» **ASSIGNED TASK**
Using the listing below, reproduce exactly the lines from the one with "Roof replacement in Gwynneville, IN" through the last, with all pictures left out.

PROVIDED DATA Block Start

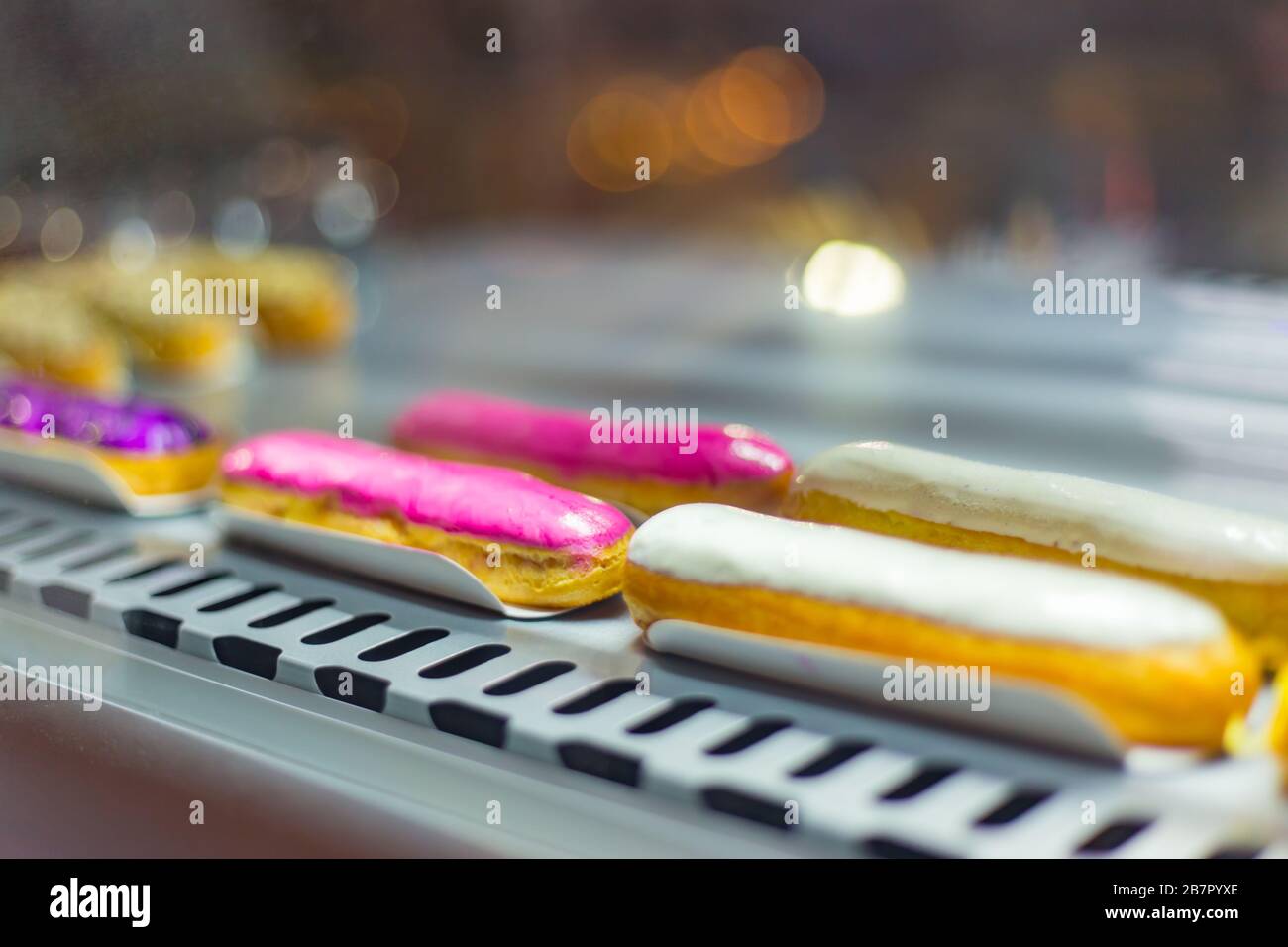 Délicieux gâteau à la crème fraîche éclairs en vente sur le comptoir Banque D'Images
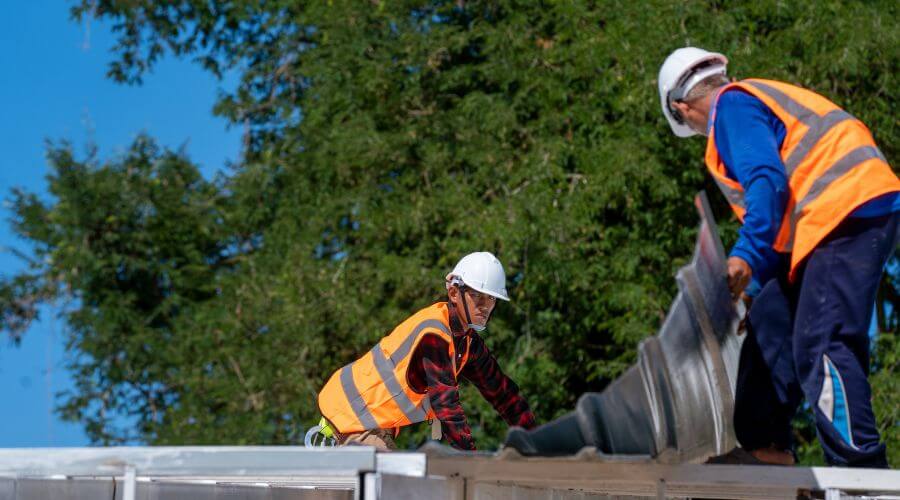 Roof replacement in Gwynneville, IN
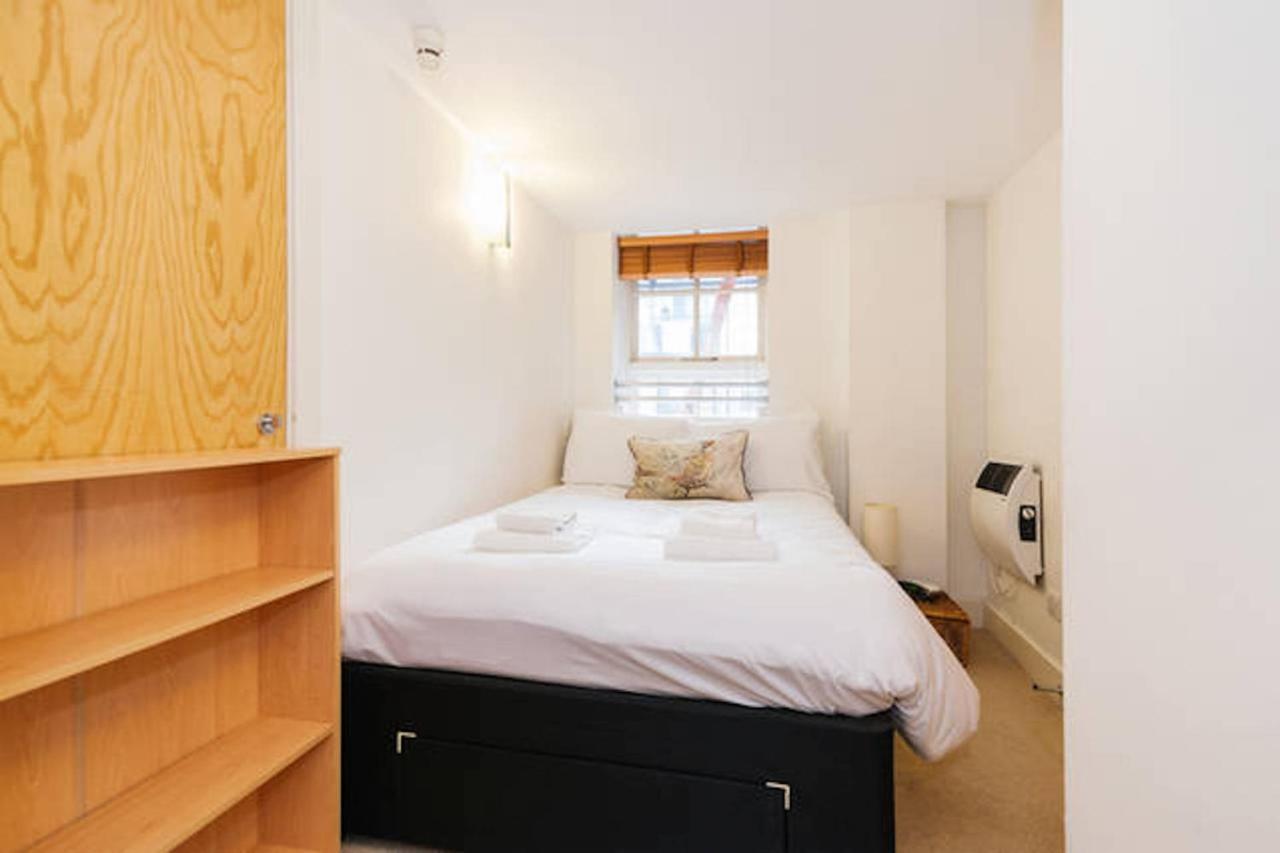 Central 2-Bed, 2-Bath Sanctuary Near Holborn Station, Covent Garden & West End London Exterior photo
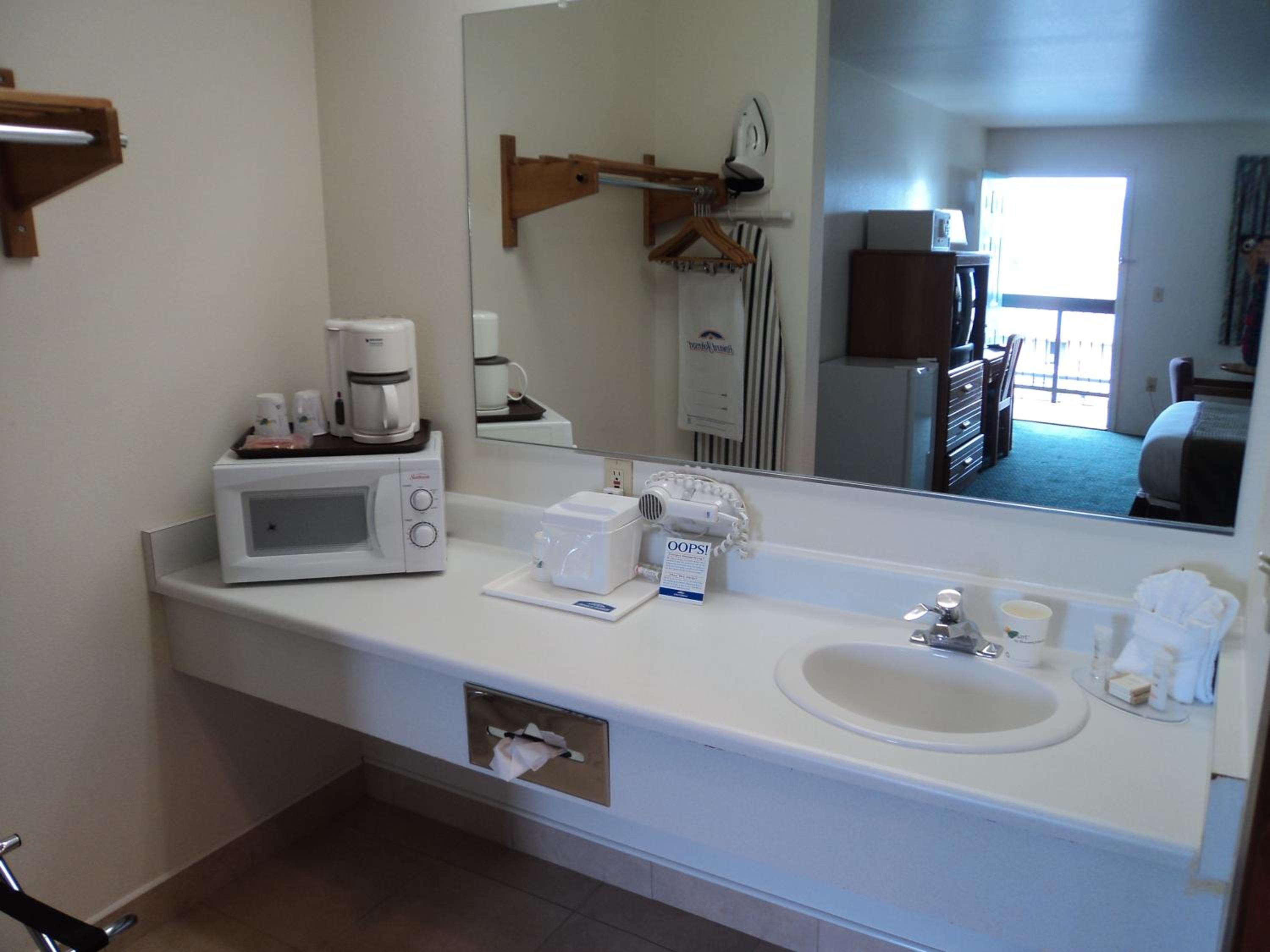 Deluxe Queen Studio with Two Queen Beds - Non-Smoking - Photo 3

PROVIDED DATA Block End

» **RESULT FOR THIS TASK**
 Roof replacement in Gwynneville, IN
 Central 2-Bed, 2-Bath Sanctuary Near Holborn Station, Covent Garden & West End London Exterior photo
 Deluxe Queen Studio with Two Queen Beds - Non-Smoking - Photo 3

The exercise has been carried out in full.